Mahfud menilai dokumen-dokumen telegram rahasia Amerika Serikat
yang dibeberkan ke publik itu tidak jauh berbeda dengan dokumen-dokumen
lain yang selama ini ada. Dokumen itu, menurut dia, tetap akan
menimbulkan pemahaman yang simpang siur bagi berbagai pihak.
"Menurut saya itu bukan dokumen baru, melainkan dokumen lama yang
dibuka lagi, artinya informasi tetap saja simpang siur.

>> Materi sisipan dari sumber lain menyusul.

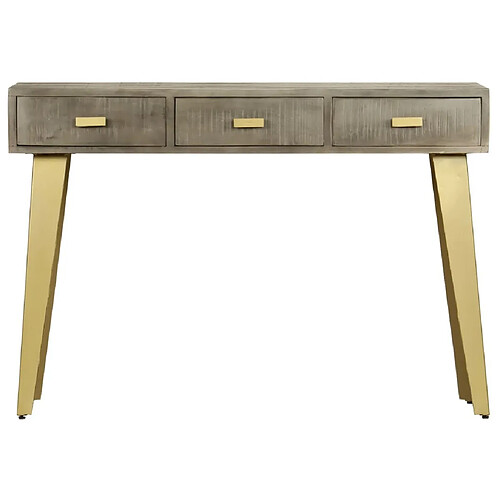 Maison Chic Table console | Meuble d'entrée | Table d'appoint Bois de manguier Gris avec laiton 110x35x76 cm -GKD69239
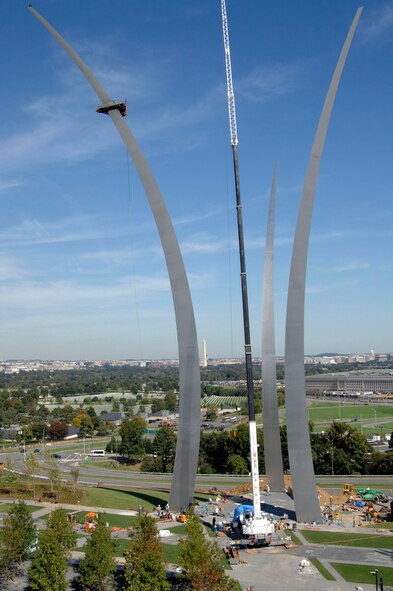 The Air Force Monument, consisting of three stainless steel spires -- inspired by the bomb-burst flying formation of the Air Force Thunderbirds -- is located in Arlington, Va., next to the Arlington Cemetery and overlooks the Pentagon, according to the foundation.( U. S. Air Force photo/TSgt Cohen A. Young)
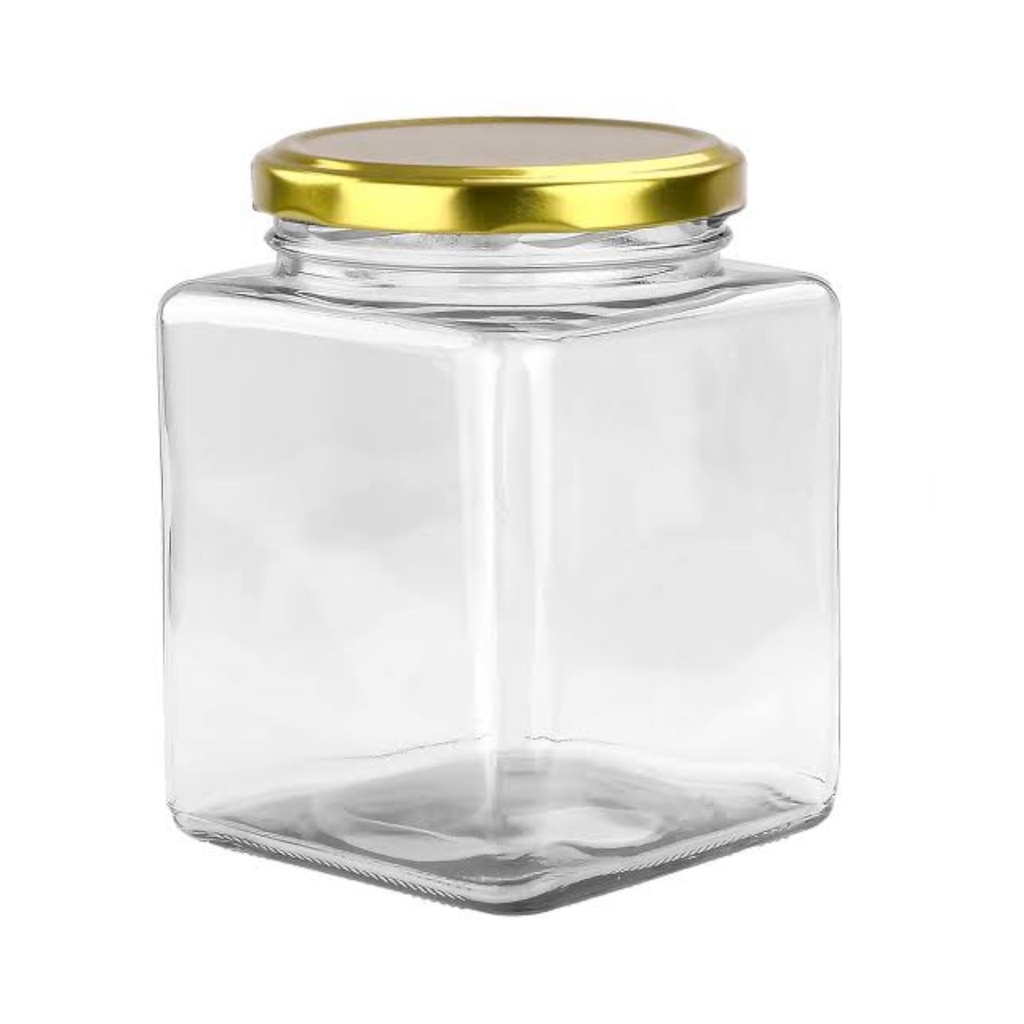 Jar 750ml Honey Glass Square with Lid JAR151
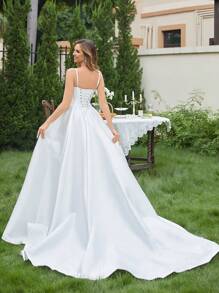 Contrast Mesh Cami Wedding Dress - Beige - View 3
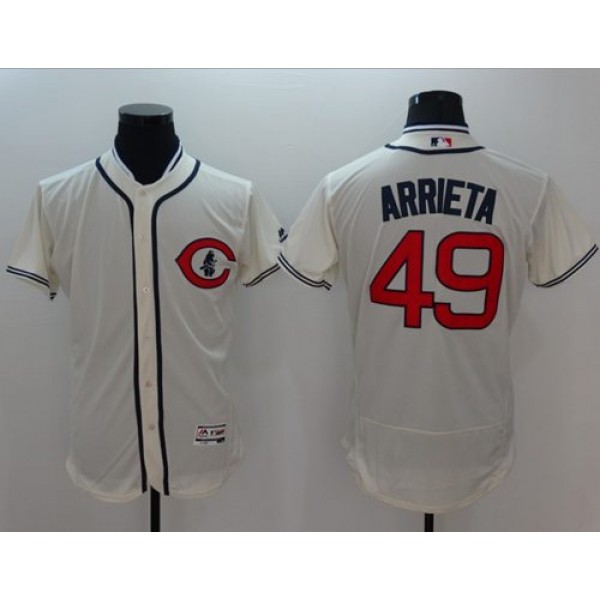 Cubs #49 Jake Arrieta Cream Flexbase Authentic Collection 1929 Turn Back The Clock Stitched Jersey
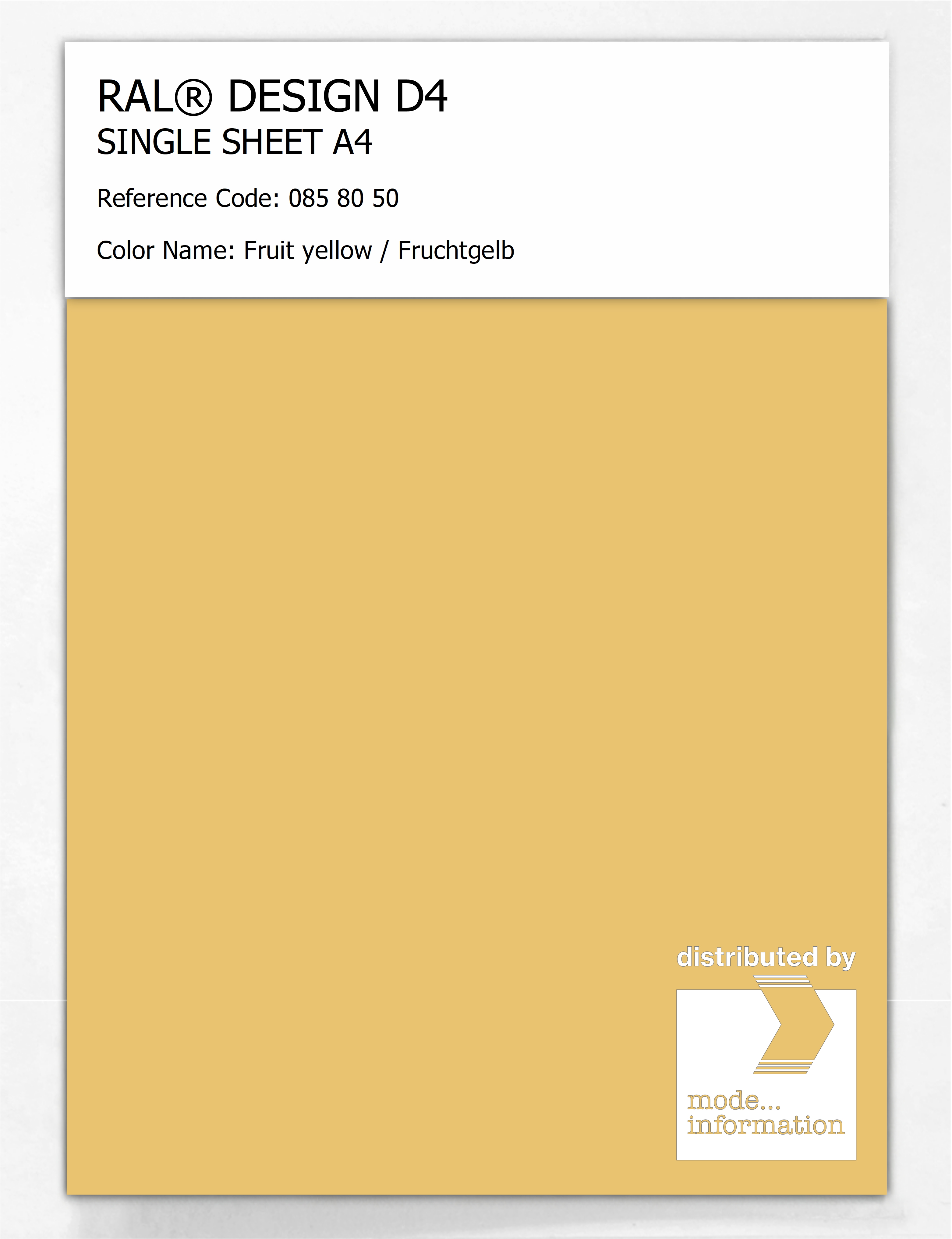 Artikelbild 1 des Artikels “RAL® DESIGN D4 SINGLE SHEET A4 085 80 50 Fruit yellow / Fruchtgelb “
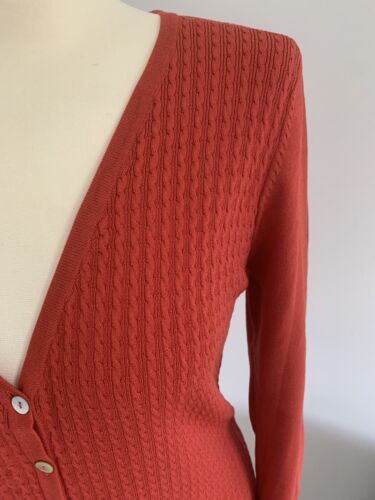 Linda Matthews Size Medium Women’s Burnt Orange Cardigan Button Close BB - Picture 3 of 7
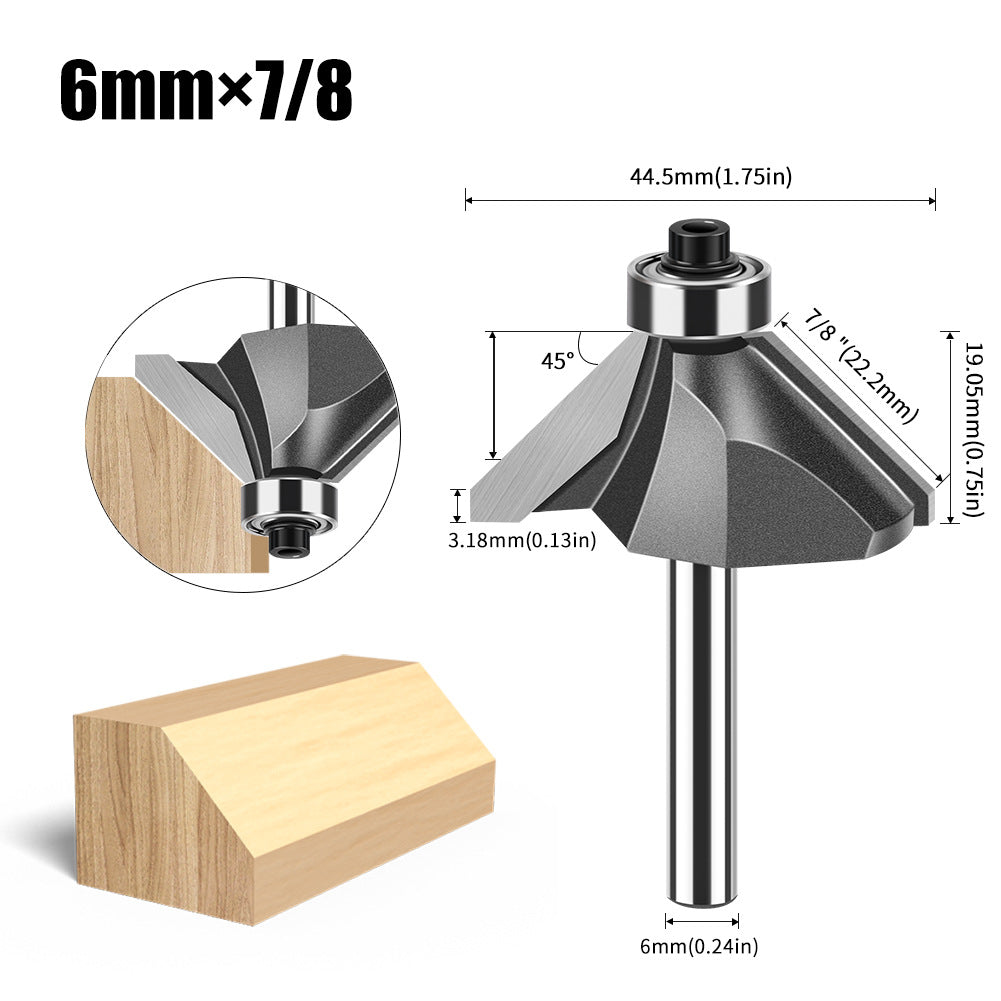 6 handle 12 handle 45 degree bevel knife woodworking milling cutter trimming machine engraving cutter head 45 degree chamfer knife bevel knife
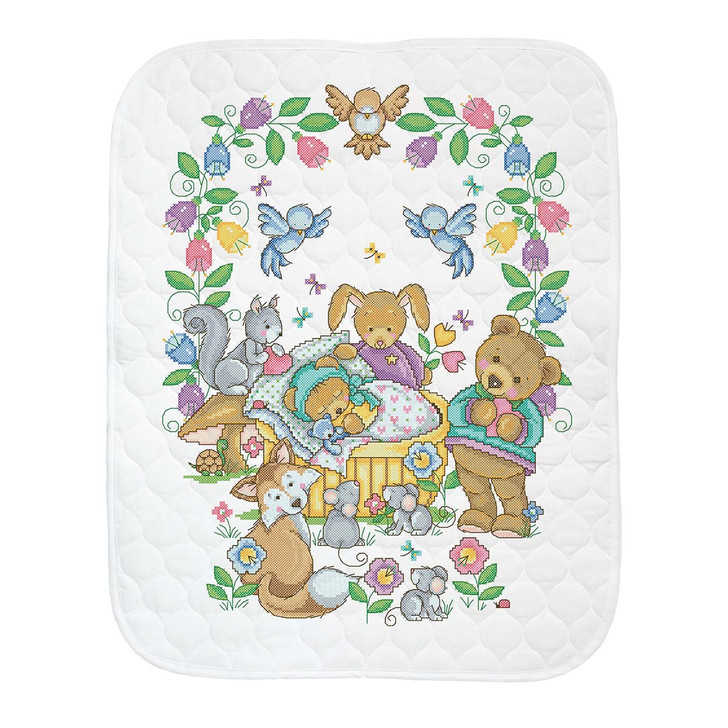 希少 ヴィンテージ 刺繍 1点物 キッズ ベッドカバー ナーサリー キルト 動物 Herrschners Woodland Welcome Baby Quilt Stamped Cross-Stitch Kit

Sebenarnya kan
kita sudah tahu itu semua kan, itu hanya berita-berita waktu itu lalu
ditelusuri kemudian didokumentasikan," kata dia.
Oleh sebab itu, ia berpendapat pemerintah tidak perlu memaksakan
melakukan pengujian terkait validitas dokumen-dokumen tersebut.
Alasannya, peristiwa terkait yakni sejarah G30SPKI dinilainya sudah
selesai, sehingga tidak perlu diungkit kembali.
"Menurut saya tidak perlu diungkit-ungkit lagi, kan sudah selesai, buat apa membuka luka lama lagi," kata dia.
Ia juga tidak sependapat jika pemerintah saat ini diminta untuk
meminta maaf terkait peristiwa 1965. Hal itu, menurut dia, tidak relevan
lantaran rezim pemerintahan yang salah telah tumbang. "Kan pemerintah
yang salah sudah jatuh, sudah direformasi karena banyak kesalahan
termasuk kesalahan yang itu juga, menurut saya tidak perlu," kata dia.
Sebelumnya, dokumen yang sudah bersifat "tidak rahasia" itu diunggah
di laman khusus NSA dari The George Washington University yang berisi
pesan-pesan telegram dari Kantor Kedutaan AS di Jakarta pada saat itu.
Di laman tersebut, terdapat unggahan sebanyak 39 dokumen telegram
yang menunjukkan pesan dari para diplomat Amerika Serikat di Jakarta.
Pesan itu mencatat, pemimpin kelompok PKI telah dieksekusi disertai
dukungan dari pejabat Amerika Serikat terhadap upaya pasukan Angkatan
Bersenjata Republik Indonesia (ABRI) untuk menghancurkan gerakan buruh
yang tersisa di Indonesia pada saat itu.
Sebanyak 30.000 halaman arsip yang diunggah NSA tersebut merupakan
catatan harian para diplomat Amerika Serikat di Jakarta sejak 1964-1968,
yang telah diklasifikasikan guna menanggapi permintaan pegiat HAM di
Amerika Serikat dan Indonesia akan peristiwa 1965.